Pembukaan berlangsung di Aula Sekolah sekitar pukul 09.00 WITA, diawali doa dan menyanyikan lagu Indonesia Raya. Ketua Panitia Presslist 15, Putu Dhanalaksmi Indira Putri, memaparkan dedikasi timnya sejak 20 November 2025, mulai dari membentuk panitia pengarah, menyusun proposal, hingga persetujuan sekolah pada awal Desember. Kegiatan Presslist 15 telah dimulai dengan pelatihan film dokumenter bagi anggota Madya Padma yang digelar pada 15 Desember untuk membekali mereka keterampilan nyata pada bidang perfilman.
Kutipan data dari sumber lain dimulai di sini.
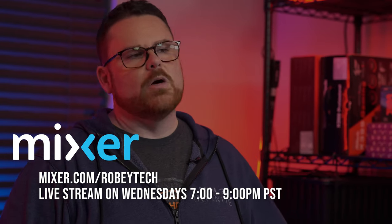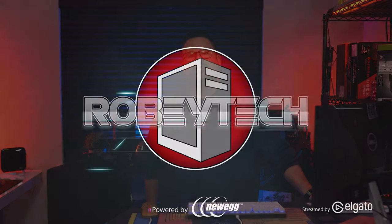Be sure to subscribe, hit the like button, and ring the notification bell. Head over to mixer.com/Robitech and give us a follow for our live show every Wednesday from 7 to 9 p.m. Pacific time. Also follow us on Twitter, Instagram, and Facebook, all at Robitech. We're going to go play some more with this awesome little drive and maybe see if we can get it up to 2,000 MB/s — go play some games or some tech, we'll see you later!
Ia juga memaparkan jadwal kegiatan, seperti BISMA (Bioskop Madyapadma Trisma) yang menampilkan karya-karya film hasil anggota Madyapadma, serta lomba YSA (Youth Sineas Award) pada 17 Desember. Serta pada 23 Desember, Madyapadma menggelar jumpa pers dengan media. Tak hanya karya, Aksi kemanusiaan Madyapadma Berbagi juga berlangsung pada 25โ€“26 Desember dengan menyalurkan sembako kepada masyarakat sekitar, yang direncanakan berlanjut pada Januari 2026 mendatang.

Pemimpin umum Presslist menambahkan bahwa ajang ini adalah wadah generasi muda menjadi pelopor perubahan bagi Indonesia. Hal ini tercermin dari partisipasi dalam berbagai lomba, mulai Reportase Tingkat SMP, Koran Dinding Tingkat SMP, Fotografi Tingkat SMA/Mahasiswa, hingga Majalah Tingkat SMP se-Indonesia.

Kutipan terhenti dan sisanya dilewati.